New Jersey Bee Control
Bee Control is very important to your family’s healthy environment. As a rule, bees and wasps are beneficial insects unmindful of the activities of man, as long as man makes it a point to disregard them. At times the nests of these insects may be built in such close proximity to the home, or even in the home, as to make the area too confining for both insect and man. Although the stings of bees and wasps are usually a painful experience, for some the consequences may result in a severe reaction or even death.
The order Hymenotera consists of sawflies, horntails, wasps, ants and bees. There are some 113,000 known species in this order and more than 17,000 are found in North America.

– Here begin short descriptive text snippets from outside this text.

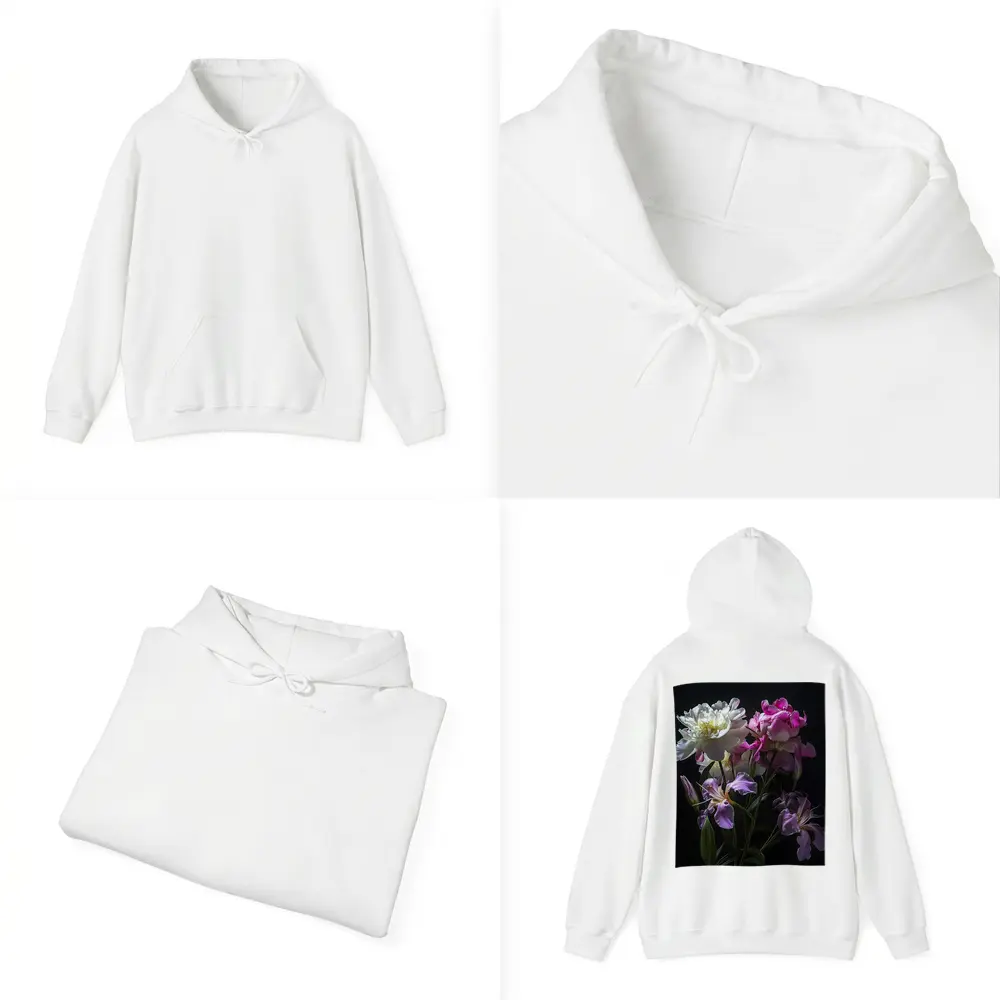 Peonies and Iris Flowers Dark Background – Hoodies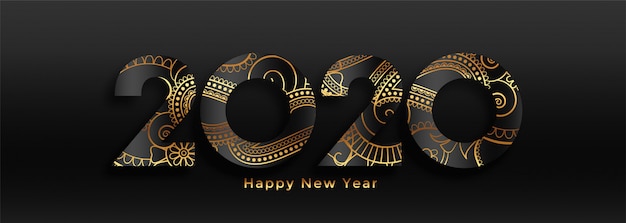 Luxury 2020 happy new year black and gold banner 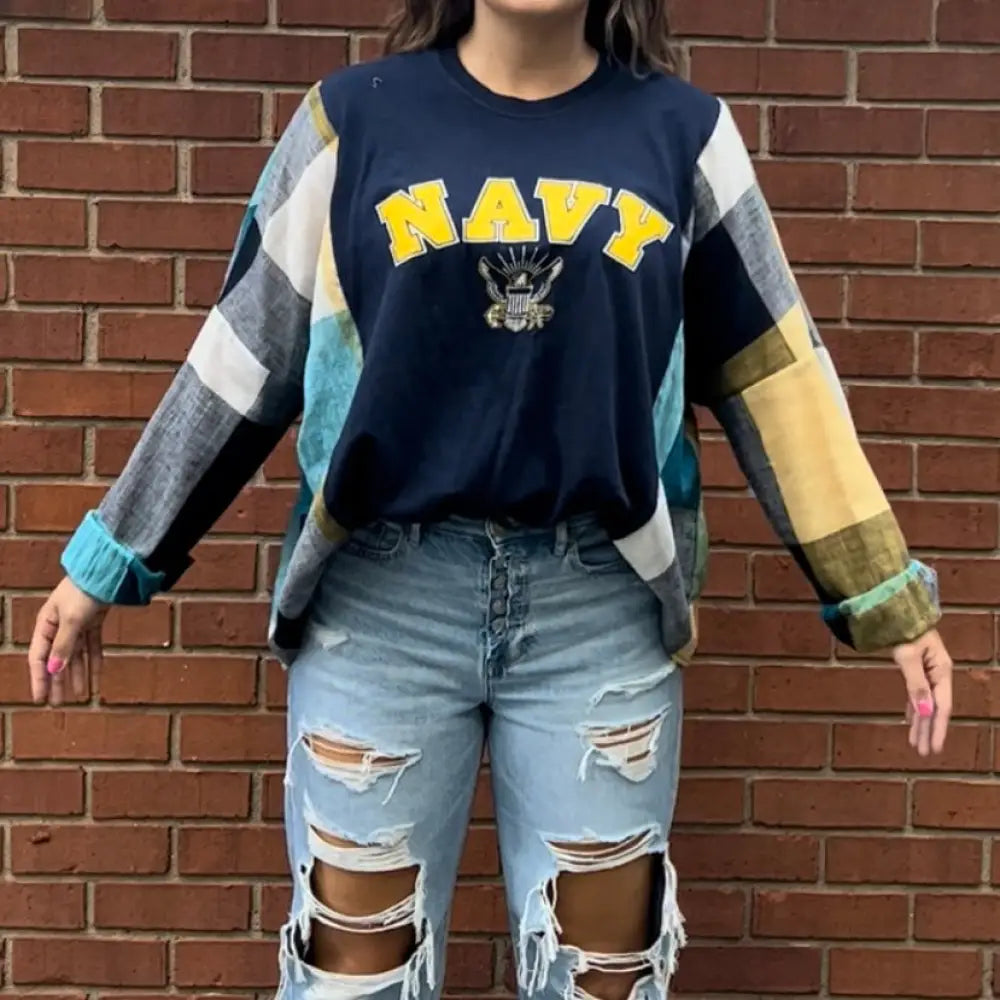 Reworked Navy Long Sleeve Shirts & Tops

Characteristics of Wasps – Wasps can be distinguished from bees as follows: Bees appear to have hairy bodies since their individual body hairs or setae are featherlike. Wasps appear to have smooth bodies since their setae are not branched.
Wasps feed primarily on protein such as spiders and insects; bees feed on and give their young pollen, nectar, and in some cases honey.
Wasps, because of their food preferences, exhibit scavenging behavior and are more of a nuisance to man. Wasps, particularly the social species, annoy us at barbecues, competing with us for our steaks, chick, hamburgers, and soft drinks. (At least 40 deaths due to wasp and bee stings are reported each year in the United States.)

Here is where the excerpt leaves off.